Principles of Design for Newsletters

Publishing a newsletter is a wonderful way to keep your name in front of customers or prospects. A newsletter may entertain, educate, inspire, or inform. And a well designed newsletter communicates much about the organization that publishes it.

To achieve a great looking newsletter, adhere to a few basic principles of composition and design. You will produce a publication that will catch the eye of the readers.

BEGIN WITH A PROTOTYPE

Whether you are designing a new publication or refreshing the look of an existing one, begin by developing a prototype – a model of what the finished newsletter will look like. To do this, you will have to decide on format (the newsletter’s size and shape); grid (the underlying organization); graphic style (color palette, graphic elements, photographs); and nameplate (title).

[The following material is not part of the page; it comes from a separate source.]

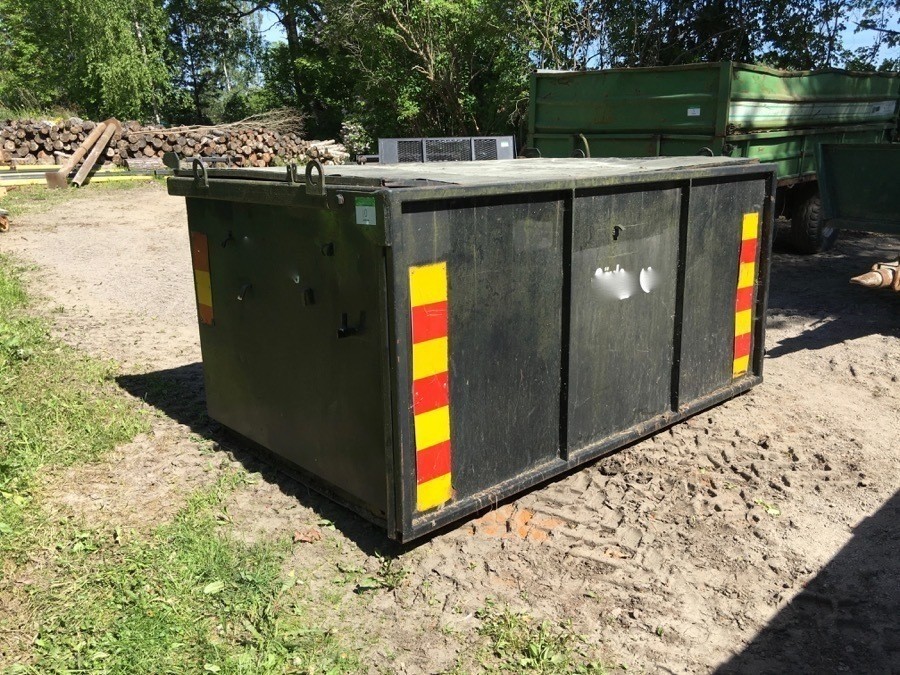 Klaravik Auktioner Container med lock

The graphic style should be approached with one thing in mind: graphic elements need to be consistent. This is especially true for any which repeat page to page, such as rules, borders, or drop caps.

LAYOUT TECHNIQUES

Because a newsletter incorporates more elements than text on the page, it is important to use page layout software like Adobe InDesign, Adobe PageMaker or Adobe Photoshop rather than a word processing program like Microsoft Word.

Text boxes: organize the body copy in text boxes where it can flow freely. And remember – never use two text boxes when one will do. For example, put the headline and body copy in the same text box, not two different ones.

Graphics: when using graphics in your newsletter, photos from a digital camera in JPEG format should be at 300 dpi resolution in the size that is being used in the newsletter.

Color specification: before you begin preparing your newsletter, set the correct color space (CMYK, RGB). If you have embedded graphics, be sure the color names used in the image files match the color names defined in the page layout file exactly, character for character.

Fonts: use a stylized font (i.e., bold or italic) only if you have that font installed on your computer. Some programs may allow you to apply a style (bold or italic) even though the font is not available.